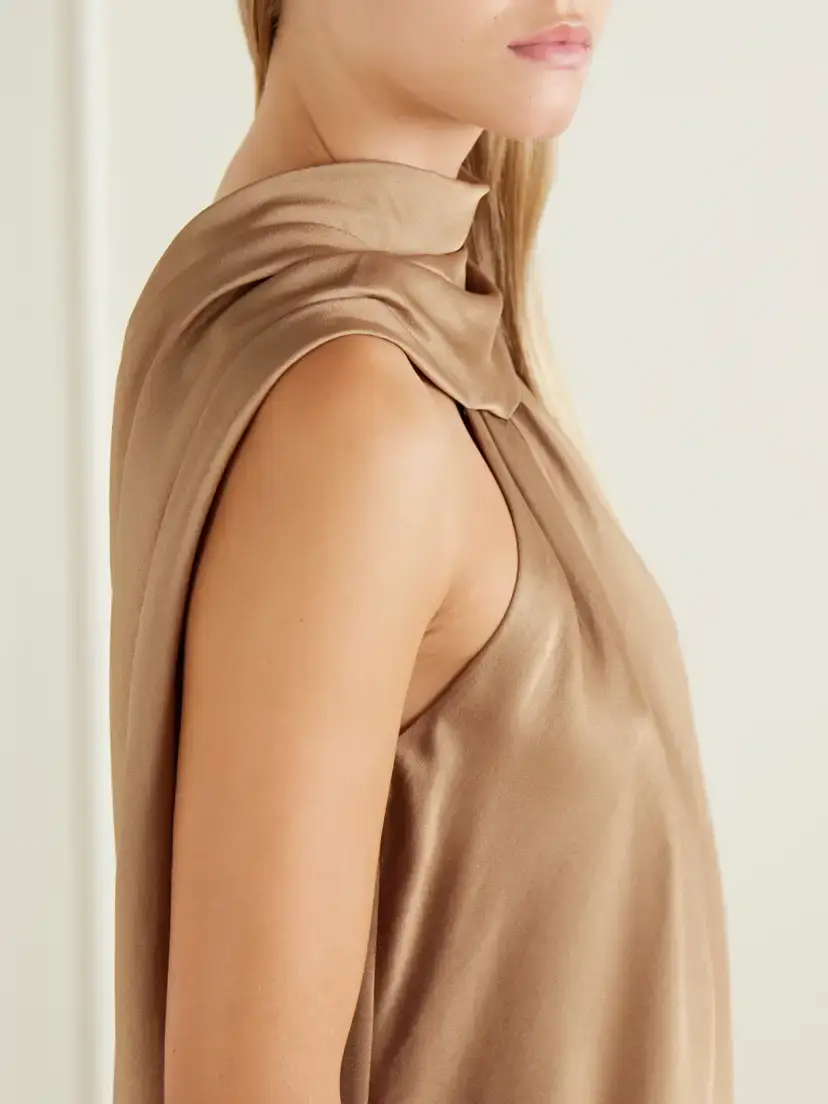 Simkhai Scarlett Gathered Satin Cape Top | Thumbnail 5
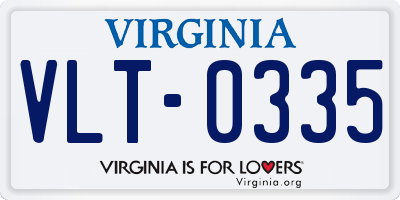 VA license plate VLT0335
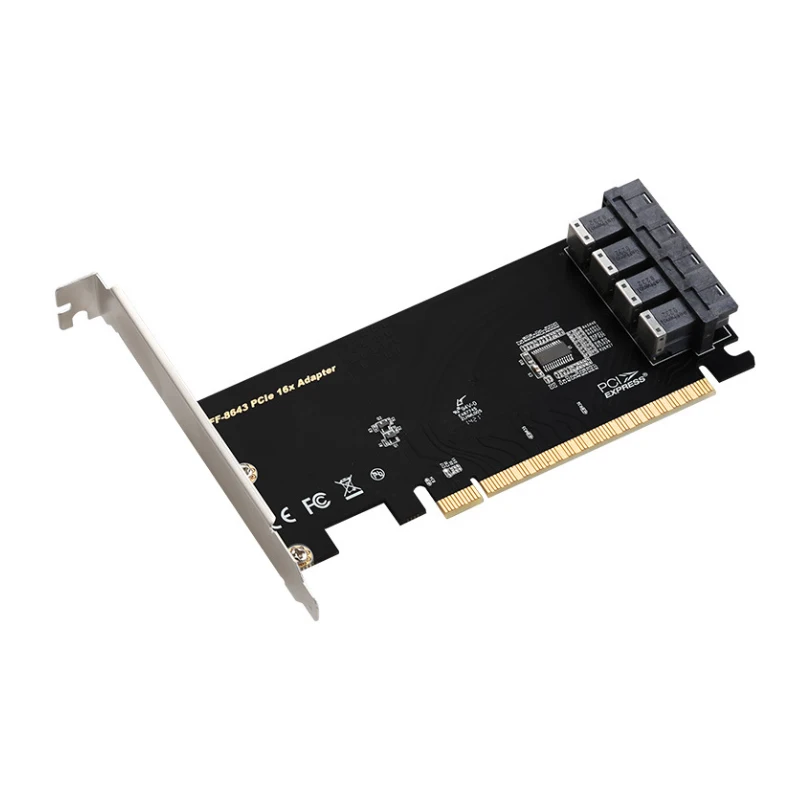 Convertidor PCIe X16 a 4 U.2 tarjeta de expansión para juegos, controlador de tarjeta PCI-E adaptable, adaptador de expansión pci express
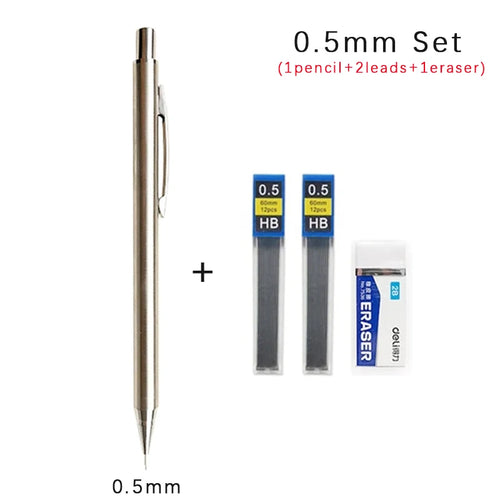 0.3 0.5 0.7 0.9 2.0mm Full Metal Mechanical Pencil Set School Art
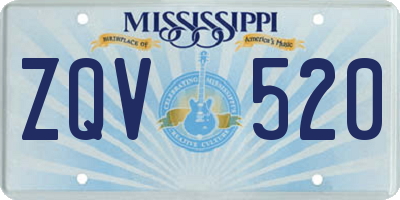 MS license plate ZQV520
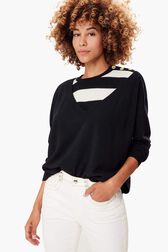 Pull en laine femme Raye noir/ecru vue de détail 2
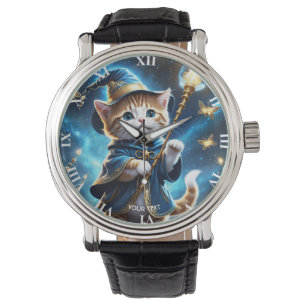 Reloj De Pulsera Fantasy Cute Kitten Wizard Stars
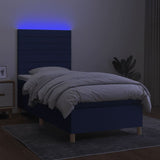 Sommier à lattes de lit et matelas et LED Bleu 100x200 cm Tissu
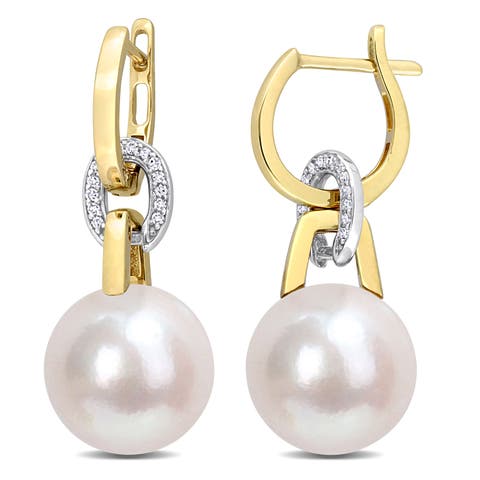 Pearl & Diamond Link Huggie Earrings 14k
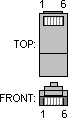 6 pin RJ12 male connector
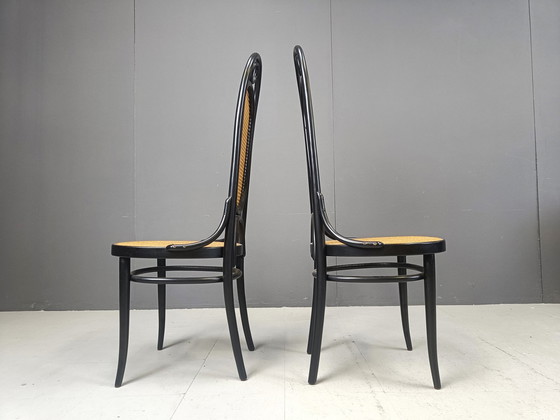 Image 1 of Thonet No. 207 Eetkamerstoelen 'Long John', set van 6, 1981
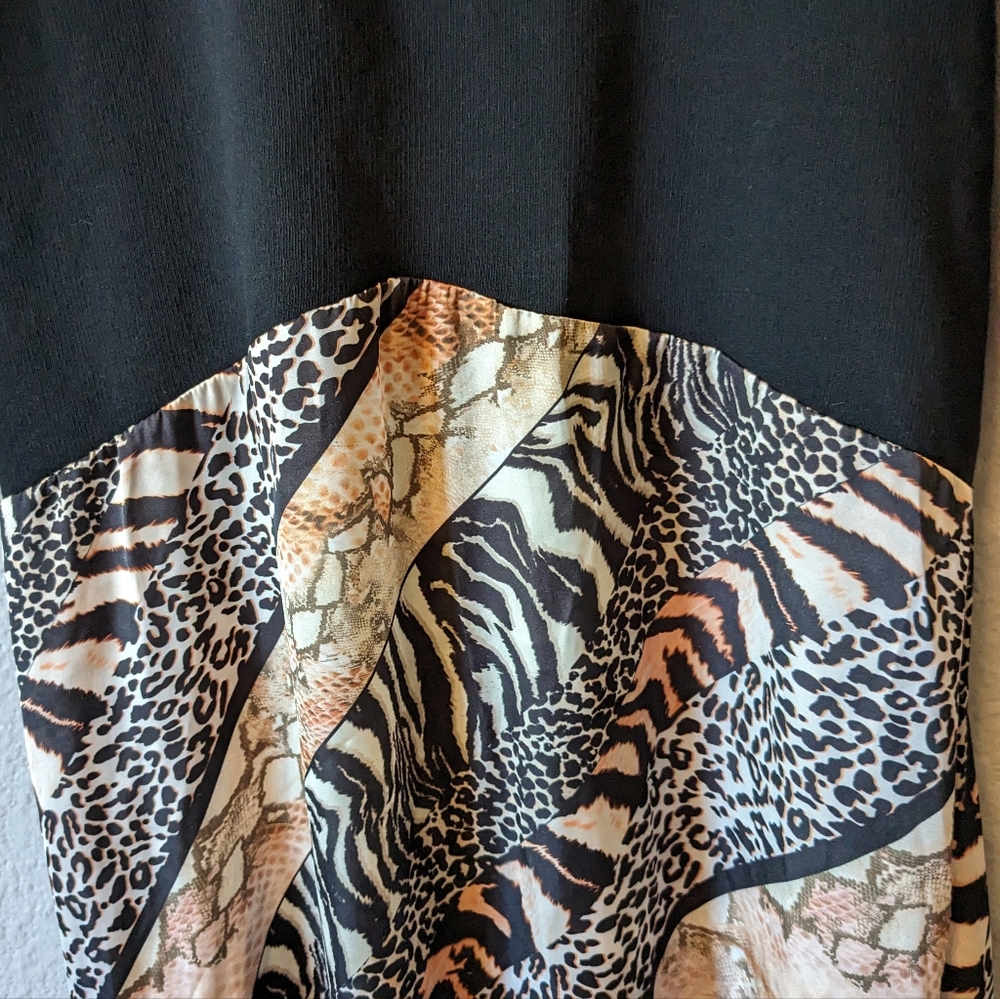 Zara Satin Animal Patch Print Midi Dress Black Brown 3/4 Sleeves A-line Sz M - Picture 8 of 10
####################
**What the exercise asks**
Your copy should hold exactly the lines from the one with "Sommier à lattes" through the final line of the records, both ends included, and no pictures.

**Answer to the exercise**
 Sommier à lattes de lit et matelas et LED Bleu 100x200 cm Tissu
 Pearl & Diamond Link Huggie Earrings 14k
 6 pin RJ12 male connector
 Image 1 of Thonet No. 207 Eetkamerstoelen 'Long John', set van 6, 1981
 Zara Satin Animal Patch Print Midi Dress Black Brown 3/4 Sleeves A-line Sz M - Picture 8 of 10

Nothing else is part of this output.